Most Swiss real estate investment managers already have clear targets for reducing CO2 emissions and achieving the net zero objective by 2050. This is one of the main conclusions of a study on their commitment to environmental, social and governance (ESG) criteria conducted by researchers at HEC Lausanne, University of Lausanne, in collaboration with Banque Cantonale Vaudoise (BCV). The study is the first of its kind and will be repeated annually.
Researchers in the Center for Risk Management (CRML) at HEC Lausanne, the Faculty of Business and Economics of the University of Lausanne, Fabio Alessandrini, Eric Jondeau, Ghislaine Lang (previously HEC Lausanne) et Evert Reins, focused on the three main types of indirect investments (as opposed to direct ownership of buildings) in the Swiss real estate sector, namely funds, foundations and real estate companies. Among other things, the analysis looked at the incorporation of energy transition targets for a climate-neutral Switzerland by 2050. The study was carried out for the first time in 2021, based on information for the 2020 financial year, and will be updated annually.

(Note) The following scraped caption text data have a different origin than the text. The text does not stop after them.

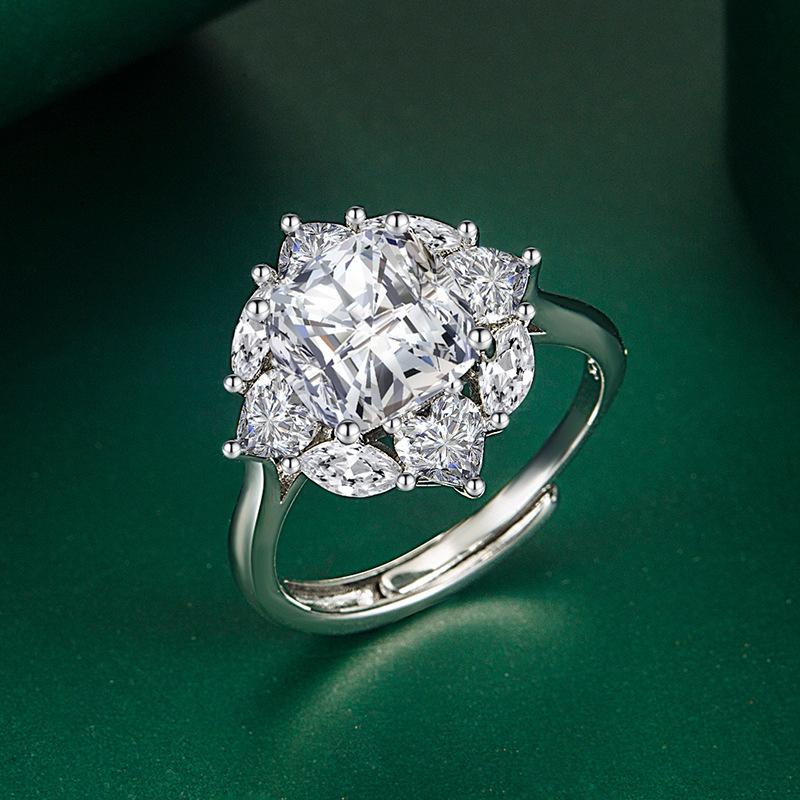 BELLA BOX Classic Opening Resizable Rings For Women Zircon Engagement Party Fine Jewelry Gift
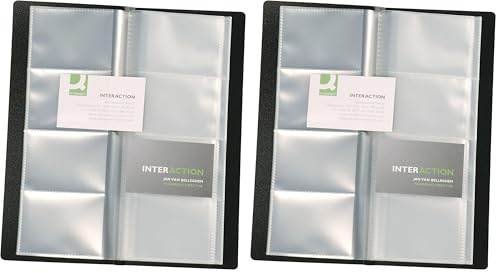 Q-Connect Polypropylene Name Business Card Holder 160 Card Black (Pack of 2)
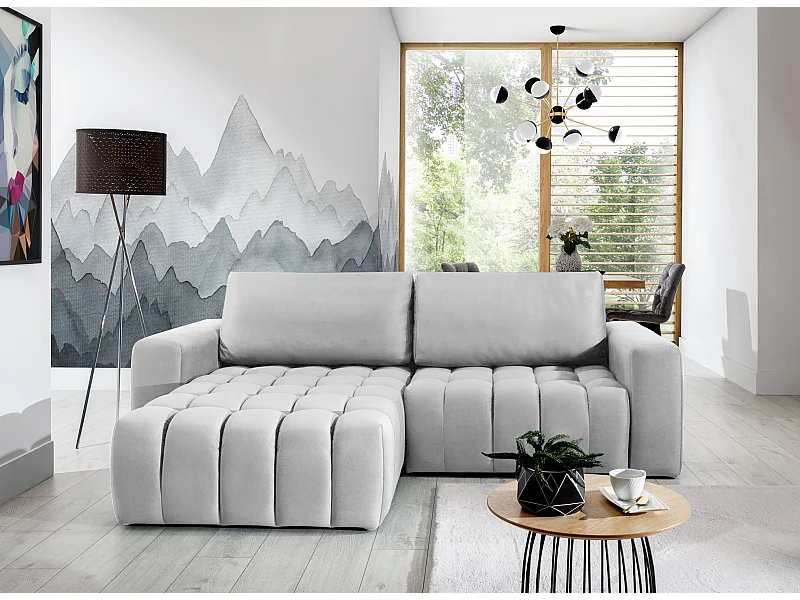 Ecksofa Stelvino L/Stoff-Grau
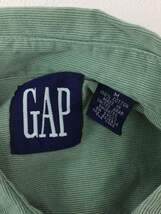 GAP◆90s/デカタグ/UAE製/長袖シャツ/M/コットン/GRN/無地_画像3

With a total volume of assets valued at 174 billion Swiss francs, the indirect real estate investments covered by the study represent an important asset class for numerous investors, especially pension funds. While real estate is one of the main sources of CO2 emissions in Switzerland, accounting for around a third of the total – and offers significant potential for reductions – the implementation of ESG criteria has been less closely studied in this sector than in other types of investment. This analysis therefore provides a benchmark for investors.
The starting point for the study was making contact with 143 funds, foundations and real estate companies. A total of 59 entities, representing 66 portfolios, responded to a questionnaire, producing information on over 500 qualitative and quantitative data points concerning ESG criteria. The response rate was 46%. In terms of assets under management, the study covered around 65% of the market, with most of the major portfolio managers taking part. Coverage for listed investment funds was 93%.
The priority: reducing CO2 emissions
An analysis of the responses shows that most respondents (75%) already have clear targets for reducing their CO2 emissions and achieving the net zero objective. This represents a reduction of 16% by 2025, 40% by 2030 and 96% by 2050.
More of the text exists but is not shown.